Damit es nicht wieder zu einer vergleichbaren Situation kommt, wurden Erfahrungen ausgewertet, Workshops angeboten und Konzepte entwickelt. Bauliche Maßnahmen und Retentionsflächen sind in der konkreten Planung, Flutbarrieren eingebaut und Fördergelder beantragt. Im Wiederaufbau erkennt die Bürgermeisterin auch Chancen, zum Beispiel die neue barrierefreie Pflasterung mit Versickerungsfugen. Im Randbereich sind gesammelte Steine der alten Pflasterung eingearbeitet – ein wichtiger Beitrag zur Erinnerungskultur für die Bürgerinnen und Bürger.

Momente der Ruhe, der Besinnung und des Gebets in der Kirche geben der Bürgermeisterin Kraft.

Erinnerungskultur ist ein wichtiges Element in der Aufarbeitung der Flutkatastrophe. Zum einen für die Bewältigung des Erlebten, aber auch für die Solidarität und das Miteinander der Stadtgesellschaft. Für die ist Sabine Preiser-Marian im Sommer 2021 zu einem wichtigen Anker geworden. Ihren eigenen findet die Mutter einer zwölfjährigen Tochter bei Gott. „Ich bin gerne in der Kirche, da kann ich mich zurückziehen, da finde ich Ruhe und Kraft und Anregungen aus dem Evangelium, aber auch Trost und Hilfe“, sagt sie. „Ich habe oft gebetet: ,Bitte hilf mir, dass ich das bewältigt bekomme.‘ Ich habe ein großes Gottvertrauen, bin aber auch eine Kämpferin. Das habe ich von meiner Mutter, die mir ein großes Vorbild ist. Trotz aller Schicksalsschläge sehe ich mich persönlich als Lebensmeisterin. Ich habe nie aufgegeben, und das macht mich aus.“

Den sonnigen Platz auf der Freitreppe nutzen mittlerweile auch ein paar Schulkinder des benachbarten Gymnasiums. Sie genießen den Blick auf die Erft, den Fluss, der ihre Heimat prägt wie die Eifelwälder in der Umgebung. „Die Lehre, die wir aus der Flut ziehen, ist nicht die, dass unsere Heimat nicht mehr sicher ist, sondern dass wir alles dafür tun müssen, sie zu schützen“, so Preiser-Marian. 

Die Flutkatastrophe im Sommer 2021

Starkregen und daraus resultierendes Hochwasser am 14. und 15. Juli – vor allem in der Nacht – führten in Nordrhein-Westfalen und Rheinland-Pfalz zu einer der schwersten Unwetterkatastrophen in der Geschichte der Bundesrepublik Deutschland. Mehr als 180 Menschen kamen dabei ums Leben, mehrere Hundert wurden verletzt.

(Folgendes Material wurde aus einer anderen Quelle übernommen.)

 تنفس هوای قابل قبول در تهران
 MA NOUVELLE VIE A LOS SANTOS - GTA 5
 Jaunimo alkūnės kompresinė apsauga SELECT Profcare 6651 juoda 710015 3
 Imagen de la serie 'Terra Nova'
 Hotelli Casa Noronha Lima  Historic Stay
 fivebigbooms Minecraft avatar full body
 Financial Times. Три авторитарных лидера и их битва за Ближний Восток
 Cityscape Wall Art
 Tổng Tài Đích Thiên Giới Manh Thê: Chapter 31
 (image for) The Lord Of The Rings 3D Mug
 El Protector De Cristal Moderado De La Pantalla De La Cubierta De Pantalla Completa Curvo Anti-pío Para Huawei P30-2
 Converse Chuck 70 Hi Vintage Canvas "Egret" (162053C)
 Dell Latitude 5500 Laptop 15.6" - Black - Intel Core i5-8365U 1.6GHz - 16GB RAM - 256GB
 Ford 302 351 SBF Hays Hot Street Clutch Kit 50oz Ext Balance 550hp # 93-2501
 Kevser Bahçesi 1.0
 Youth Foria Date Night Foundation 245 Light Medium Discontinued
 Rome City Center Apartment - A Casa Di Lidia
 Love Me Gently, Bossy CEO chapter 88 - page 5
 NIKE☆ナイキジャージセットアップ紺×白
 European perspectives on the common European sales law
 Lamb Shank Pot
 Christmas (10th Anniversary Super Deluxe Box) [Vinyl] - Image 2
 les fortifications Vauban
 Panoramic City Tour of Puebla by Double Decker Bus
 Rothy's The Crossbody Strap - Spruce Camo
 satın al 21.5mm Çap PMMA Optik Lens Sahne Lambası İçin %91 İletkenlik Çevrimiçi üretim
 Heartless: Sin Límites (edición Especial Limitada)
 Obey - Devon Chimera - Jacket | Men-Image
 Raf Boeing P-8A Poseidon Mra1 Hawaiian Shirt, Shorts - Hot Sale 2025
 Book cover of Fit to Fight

Soforthilfen und Seelsorge

Gemeinden und Caritas stellten umgehend Soforthilfen zur Verfügung. Zahlreiche Notfall- und Schulseelsorger waren in den Katastrophengebieten unterwegs, um Menschen in der Krise Beistand zu leisten. Zudem wurden Fluthilfebüros durch die Caritas eingerichtet, die auch heute noch im Einsatz sind.

Ein hohes Maß an Sachschäden 

Viele Kirchengemeinden und das Erzbistum Köln selbst hatten Schäden durch die Flut zu verzeichnen. Es wurden 2021 mehr als 220 Sachschäden bekannt, darunter 57 Schäden bei Kindertageseinrichtungen. Es waren acht Schulen betroffen, die Jugendbildungsstätte und weitere Gebäude in Altenberg sowie 60 Kirchen, 28 Pfarrheime, 16 Pfarrhäuser und 33 Wohn- und Mietobjekte.